WHAT YOU NEED TO DO: Records follow. Copy every line with "Used".

[Caption-style text data]
┄┄┄┄┄┄┄┄┄┄
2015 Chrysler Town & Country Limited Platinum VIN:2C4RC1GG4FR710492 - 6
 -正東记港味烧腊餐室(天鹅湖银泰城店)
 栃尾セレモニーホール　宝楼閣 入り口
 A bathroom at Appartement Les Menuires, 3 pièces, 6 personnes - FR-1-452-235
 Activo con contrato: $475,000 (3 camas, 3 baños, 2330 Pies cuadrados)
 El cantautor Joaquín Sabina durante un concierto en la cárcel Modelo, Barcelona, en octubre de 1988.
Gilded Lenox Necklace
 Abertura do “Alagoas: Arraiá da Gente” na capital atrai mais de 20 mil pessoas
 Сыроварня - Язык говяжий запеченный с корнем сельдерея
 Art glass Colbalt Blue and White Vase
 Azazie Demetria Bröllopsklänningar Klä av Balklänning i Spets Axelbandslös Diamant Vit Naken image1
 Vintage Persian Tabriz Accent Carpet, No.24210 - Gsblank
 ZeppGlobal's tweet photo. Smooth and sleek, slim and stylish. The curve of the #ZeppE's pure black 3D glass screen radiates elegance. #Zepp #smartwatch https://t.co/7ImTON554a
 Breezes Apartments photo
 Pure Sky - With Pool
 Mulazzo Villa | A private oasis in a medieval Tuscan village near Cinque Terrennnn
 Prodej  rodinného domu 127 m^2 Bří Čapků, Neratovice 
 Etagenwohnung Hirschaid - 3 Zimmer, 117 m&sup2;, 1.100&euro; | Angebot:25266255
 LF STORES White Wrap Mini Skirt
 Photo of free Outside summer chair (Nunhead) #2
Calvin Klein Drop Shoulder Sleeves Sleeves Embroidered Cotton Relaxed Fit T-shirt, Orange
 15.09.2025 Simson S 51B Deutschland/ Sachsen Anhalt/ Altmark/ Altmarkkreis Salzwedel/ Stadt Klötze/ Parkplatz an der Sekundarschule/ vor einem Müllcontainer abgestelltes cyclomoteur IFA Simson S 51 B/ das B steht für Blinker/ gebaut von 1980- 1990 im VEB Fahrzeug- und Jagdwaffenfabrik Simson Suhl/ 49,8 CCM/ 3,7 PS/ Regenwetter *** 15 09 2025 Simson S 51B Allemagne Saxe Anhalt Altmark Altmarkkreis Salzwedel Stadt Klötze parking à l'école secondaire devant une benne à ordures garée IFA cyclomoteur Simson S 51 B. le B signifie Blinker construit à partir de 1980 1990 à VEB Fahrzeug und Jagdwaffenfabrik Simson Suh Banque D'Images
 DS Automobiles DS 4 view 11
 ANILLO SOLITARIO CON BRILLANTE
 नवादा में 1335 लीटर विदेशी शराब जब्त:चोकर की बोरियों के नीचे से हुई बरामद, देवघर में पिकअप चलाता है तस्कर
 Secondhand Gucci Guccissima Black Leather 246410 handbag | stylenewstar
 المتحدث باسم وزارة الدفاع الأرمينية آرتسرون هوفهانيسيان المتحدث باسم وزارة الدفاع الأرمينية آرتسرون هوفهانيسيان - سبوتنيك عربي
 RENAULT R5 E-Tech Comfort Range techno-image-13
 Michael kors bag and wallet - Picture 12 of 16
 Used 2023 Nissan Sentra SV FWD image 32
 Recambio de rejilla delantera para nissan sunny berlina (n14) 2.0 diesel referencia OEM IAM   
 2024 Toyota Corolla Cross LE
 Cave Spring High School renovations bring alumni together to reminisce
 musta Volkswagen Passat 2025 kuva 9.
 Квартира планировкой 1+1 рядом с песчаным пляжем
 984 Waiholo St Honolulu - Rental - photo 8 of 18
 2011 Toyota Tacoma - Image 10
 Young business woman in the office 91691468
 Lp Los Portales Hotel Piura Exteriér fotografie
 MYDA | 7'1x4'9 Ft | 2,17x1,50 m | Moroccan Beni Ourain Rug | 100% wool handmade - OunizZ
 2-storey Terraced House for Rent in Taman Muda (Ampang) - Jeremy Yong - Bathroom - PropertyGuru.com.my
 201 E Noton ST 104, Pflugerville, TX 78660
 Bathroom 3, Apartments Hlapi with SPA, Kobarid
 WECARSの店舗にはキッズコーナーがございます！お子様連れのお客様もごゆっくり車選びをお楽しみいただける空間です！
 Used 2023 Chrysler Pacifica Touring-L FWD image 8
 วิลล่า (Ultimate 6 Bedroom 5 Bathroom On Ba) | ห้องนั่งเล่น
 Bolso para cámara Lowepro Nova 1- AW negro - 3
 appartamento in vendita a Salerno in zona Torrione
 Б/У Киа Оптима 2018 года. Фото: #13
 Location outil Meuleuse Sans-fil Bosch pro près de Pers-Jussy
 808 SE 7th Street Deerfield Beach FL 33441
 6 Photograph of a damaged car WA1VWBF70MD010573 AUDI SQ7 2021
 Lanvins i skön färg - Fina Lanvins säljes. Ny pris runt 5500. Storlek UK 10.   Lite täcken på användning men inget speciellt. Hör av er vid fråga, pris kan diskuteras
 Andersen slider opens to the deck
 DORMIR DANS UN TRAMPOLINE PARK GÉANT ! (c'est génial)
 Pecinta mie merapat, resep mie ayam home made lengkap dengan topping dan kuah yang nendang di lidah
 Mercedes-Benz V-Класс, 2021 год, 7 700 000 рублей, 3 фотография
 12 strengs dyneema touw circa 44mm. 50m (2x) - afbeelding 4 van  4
┄┄┄┄┄┄┄┄┄┄
WORKED SOLUTION:
 Used 2023 Nissan Sentra SV FWD image 32
 Used 2023 Chrysler Pacifica Touring-L FWD image 8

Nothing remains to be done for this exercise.